Ada dua kelebihan utama yang terdapat pada buku ini. Pertama, sumber data yang digunakan tidak hanya berasal dari majalah (laras jurnalistik), tetapi juga dari novel (laras sastra), seperti Harimau-Harimau karya Mochtar Lubis dan Tuyet karya Bur Rasuanto. Hal itu menandakan bahwa pelesapan subjek juga terjadi pada tulisan yang tata bahasanya amat luwes. Kedua, buku ini tidak hanya menjelaskan konsep dan contoh pelesapan subjek, tetapi juga merumuskannya. Keberadaan rumus itu mengartikan bahwa pelesapan subjek merupakan wujud keteraturan berbahasa.

Meskipun demikian, di mana ada kelebihan, selalu ada kekurangan. Begitu pula pada buku ini. Masih ada salah tik pada beberapa bagian, seperti katatoris yang seharusnya kataforis (halaman ke-173). Selain itu, ada kalimat yang hanya berupa keterangan, yaitu “Karena acuannya bisa ke Zaitun di samping Buyung.” Padahal, jika kata karena itu dibuang atau disambungkan dengan kalimat sebelumnya, kalimat tersebut akan menjadi utuh.

Di samping itu, saya pikir, kekurangan—atau tantangan—yang paling terasa ialah bahasa yang agak sulit untuk dipahami. Mungkin itu disebabkan oleh banyaknya istilah linguistik yang digunakan. Kemudian, ada pula pemakaian keterangan penyerta yang membuat pembacaan harus dilakukan dua kali. Contohnya kalimat “Pertanyaan yang timbul adalah apakah setiap FN dalam klausa subordinatif yang memiliki referen yang sama dengan FN dalam klausa utama dapat dilesapkan?” pada halaman ke-175. Perhatikan kata-kata yang dimiringkan itu.
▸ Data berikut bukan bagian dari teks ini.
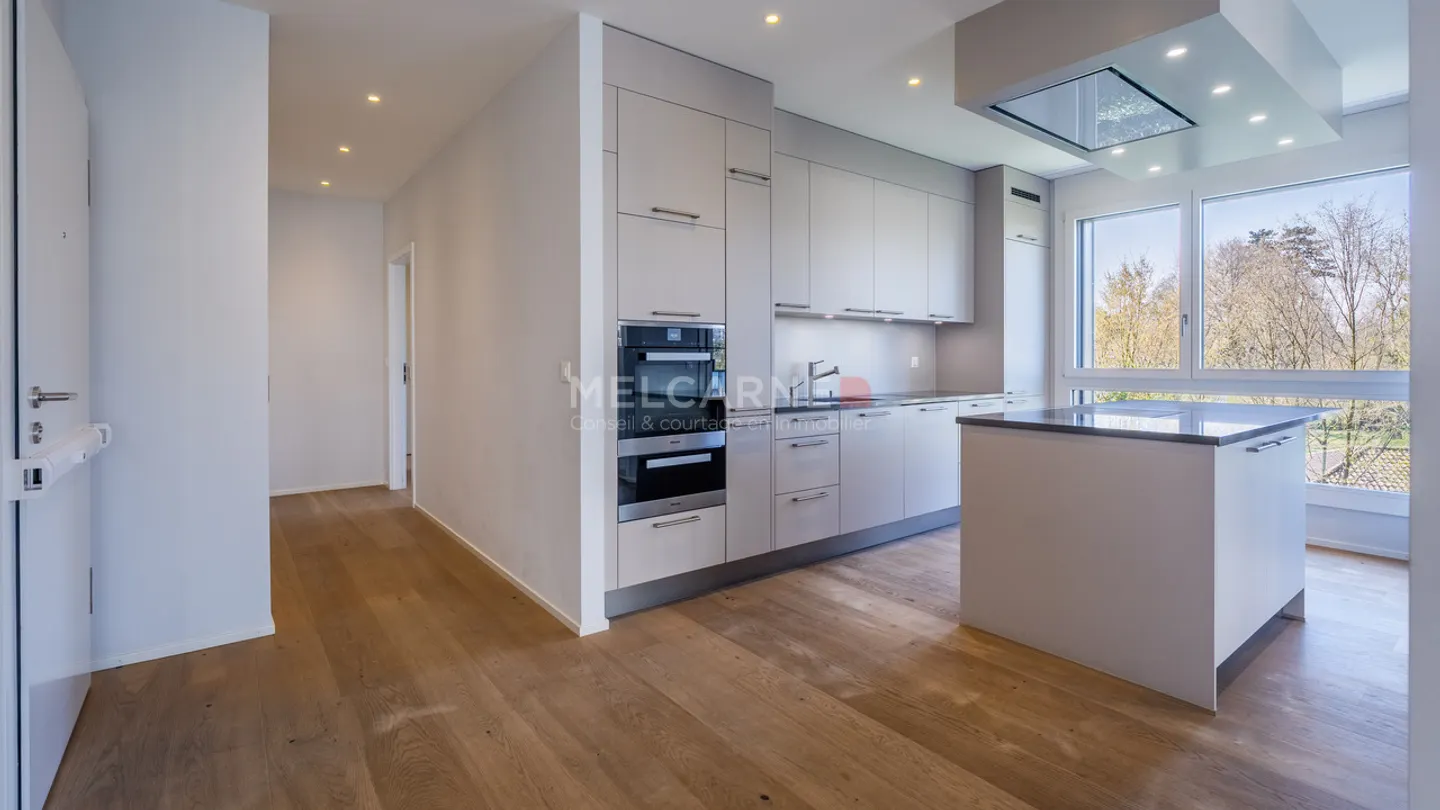 Exclusivité - Superbe appartement avec loggia - Photo 4 sur 7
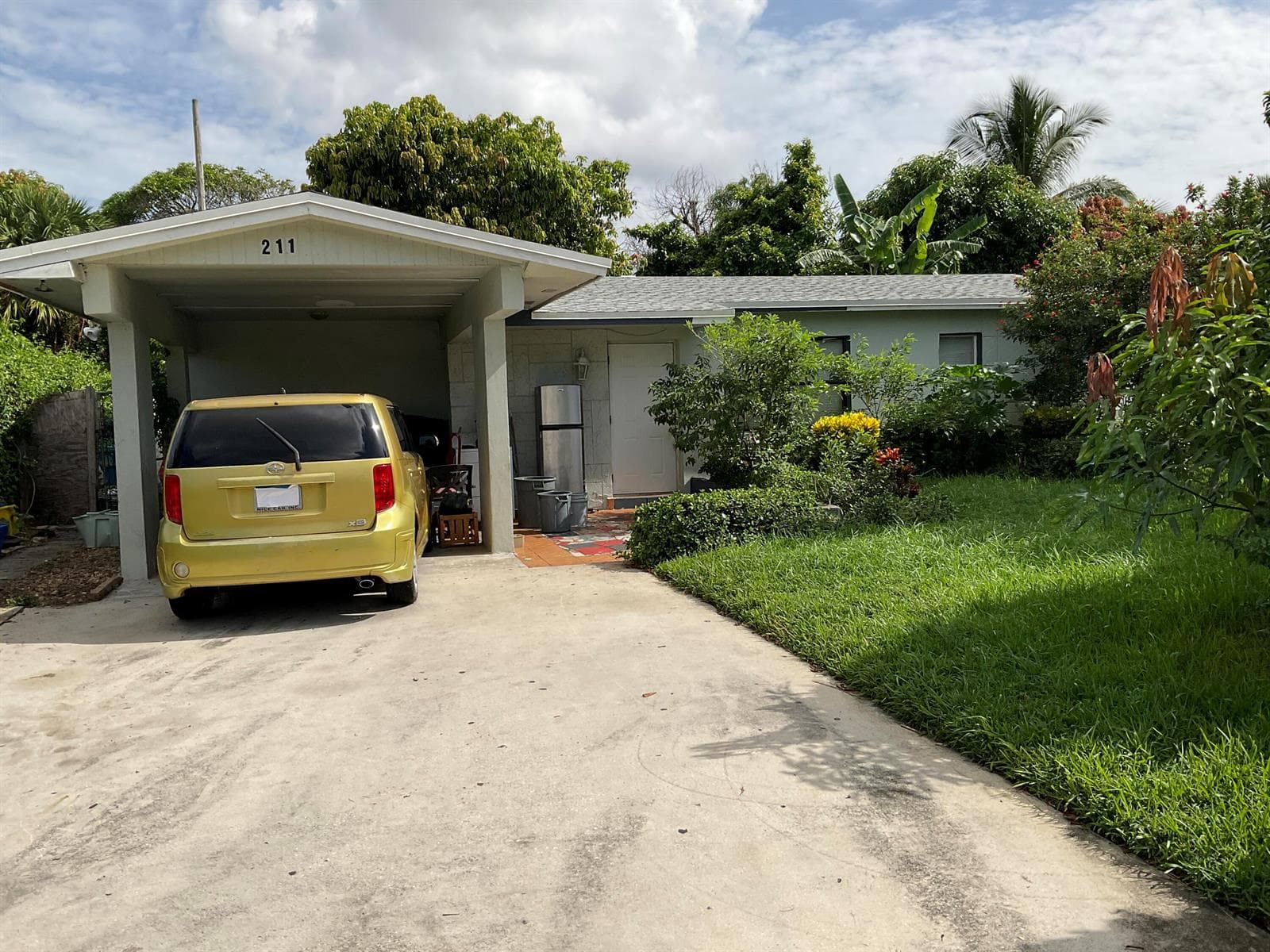211 NE 27TH Avenue, Boynton Beach FL 33435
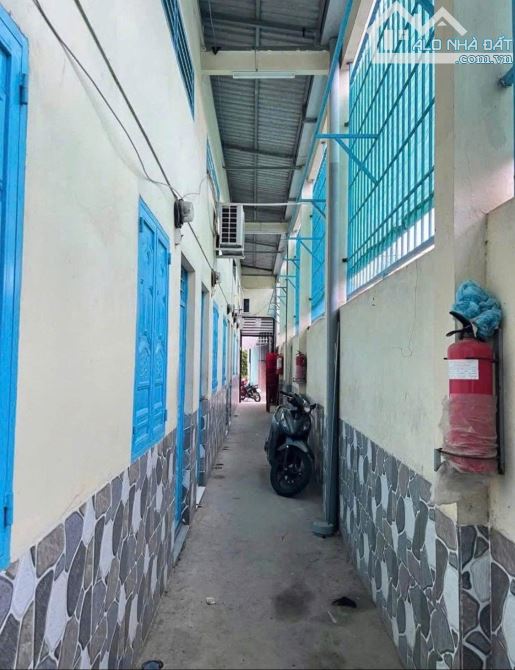 Bán 1kiot+7p trọ 222m2 giá 970 triệu Trảng Bàng sổ hồng riêng - 2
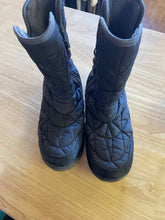 Load image into Gallery viewer, Unisex Columbia Black Boots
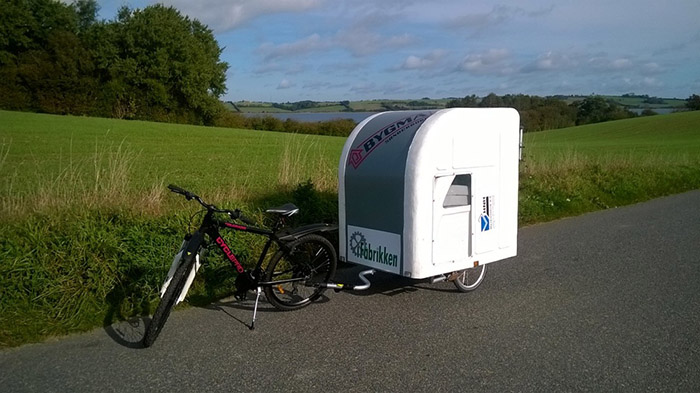 Danes Were Riding A Bicycle: The Smallest House On Wheels - Sheet5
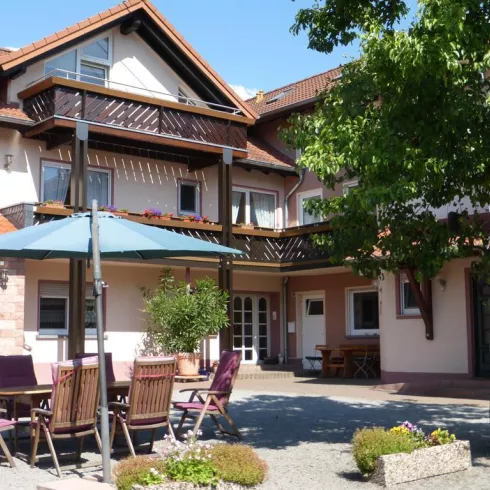 Birnbaumhof - Innenhof mit gemütlichen Sitzecken Birnbaumhof - Innenhof mit gemütlichen Sitzecken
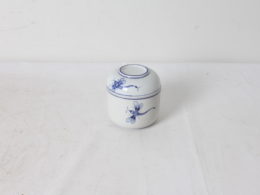 Petit pot en porcelaine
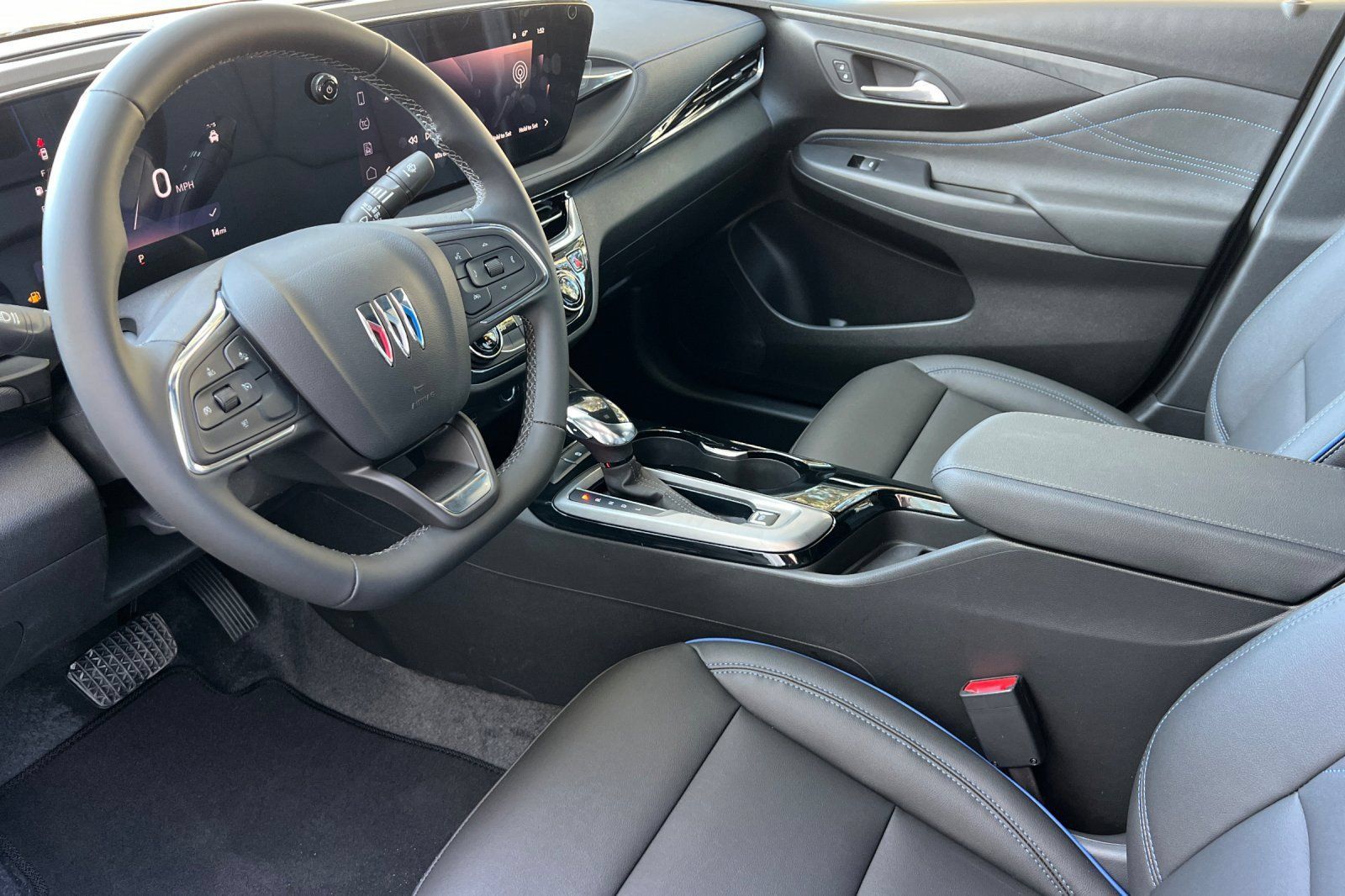 Used 2026 Buick Envista Sport Touring FWD image 8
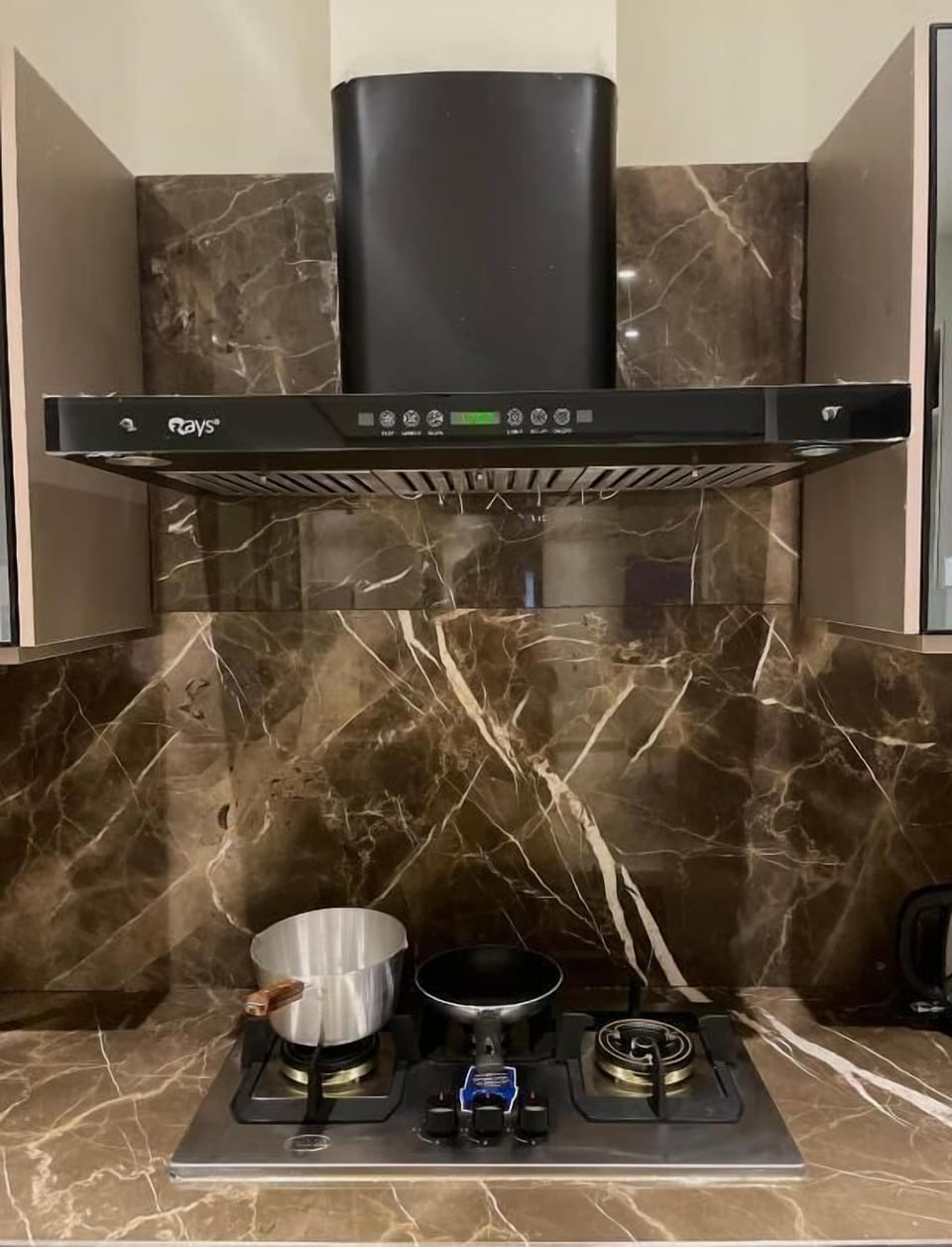 Superior Apartment | Private kitchen | Mini-fridge, microwave, oven, stovetop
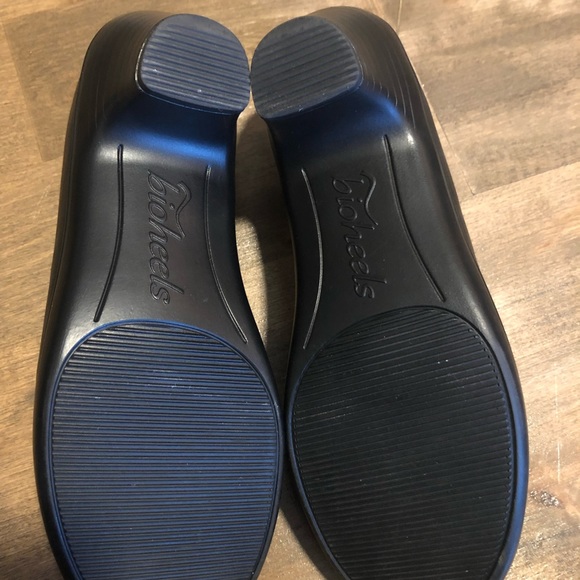 Black leather Bioheels with OrthoCushion size 7 wide - Picture 5 of 5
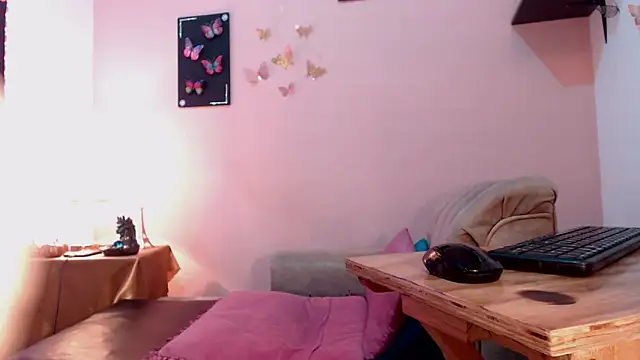 Snapshot of nicollejordan1 chatting on November 14, 2025, 11:35 pm nicollejordan1 online show from November 14, 2025, 11:35 pm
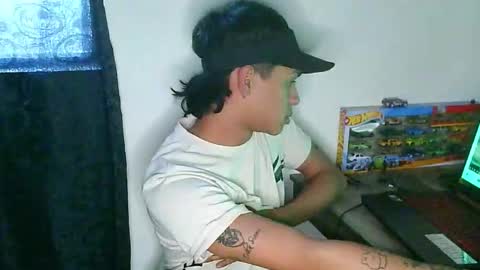 Snapshot of glen_connor_11 chatting on December 20, 2025, 9:55 pm glen_connor_11 online show from December 20, 2025, 9:55 pm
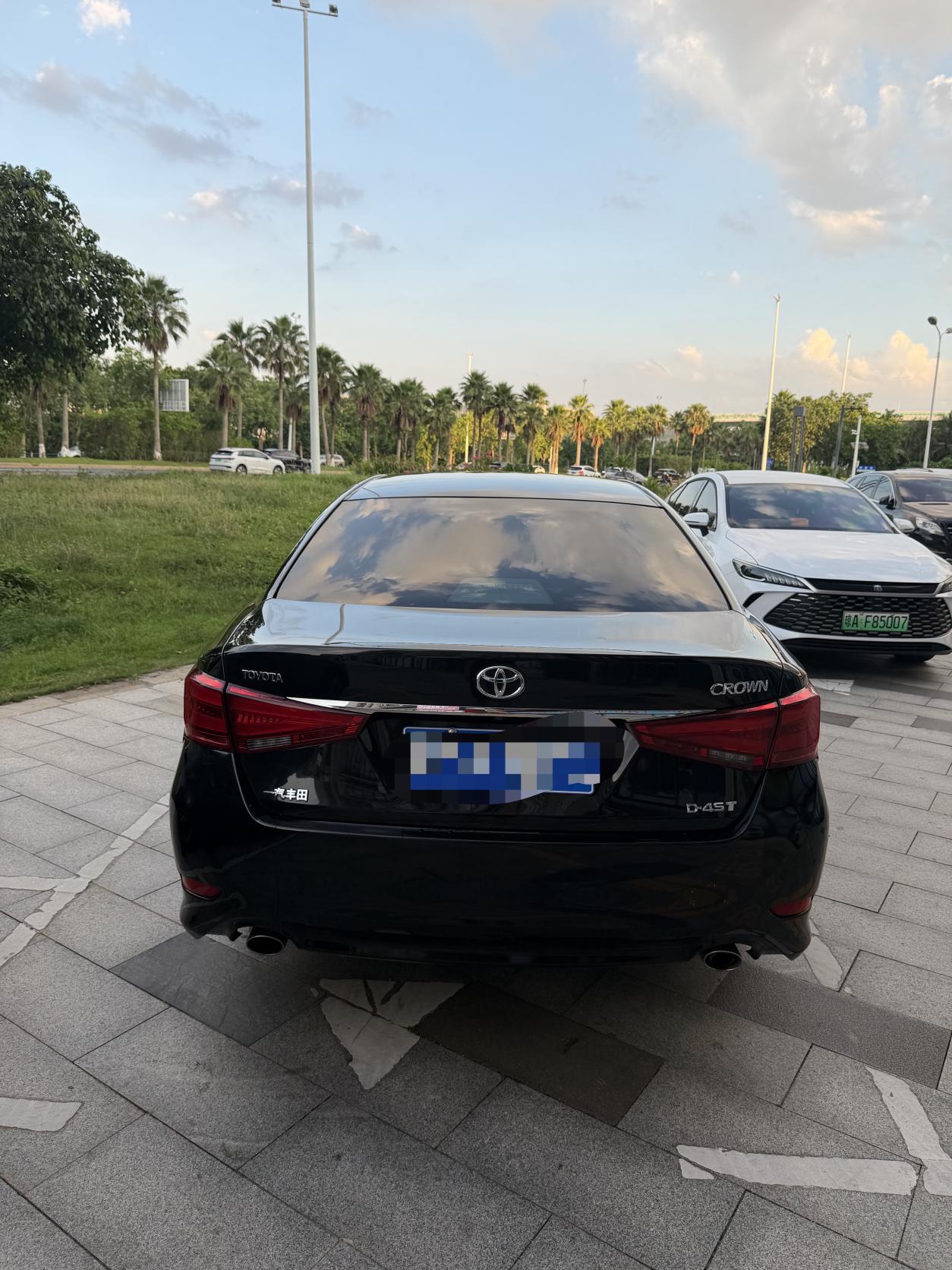 Toyota Crown 2018 2.0T Fashion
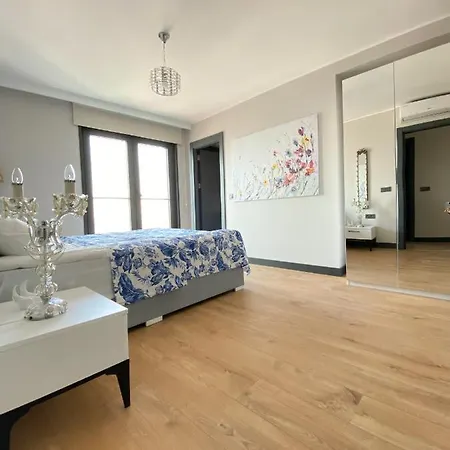 Luxury Duplex With Terrace By Siena Apartman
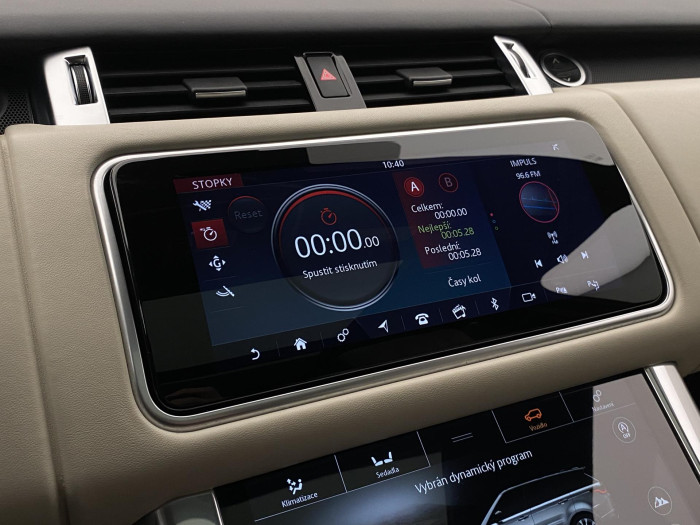 Land Rover Range Rover Sport 4.4 SDV8 AWD HSE REZERVACE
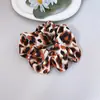 Nuevo Estilo Hong Kong Versátil Elegante Leopardo Anillo para el Cabello Intestino Grande Gama Alta Retro Francés Nicho Elegante Anillo Grande para el Cabello Titular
Namun, saya paham bahwa buku ini tergolong dalam laras ilmiah sehingga banyak istilah tertentu dan kalimatnya panjang. Hal tersebut kemudian membuat saya bertanya-tanya: Dapatkah bahasan tingkat disertasi seperti ini disampaikan dengan gaya bahasa populer ketika diformat sebagai sebuah buku? Rasanya cukup sayang bahwa ilmu yang sedemikian menarik dan bermanfaat ini hanya dapat dinikmati oleh kalangan akademisi.

Terlepas dari itu, buku ini benar-benar bernas. Ia membuat saya menyadari bahwa bangsa kita sering melesapkan berbagai hal. Sesuatu bisa lesap atau hilang begitu saja tanpa kita hiraukan. Kita ternyata telah terbiasa kehilangan.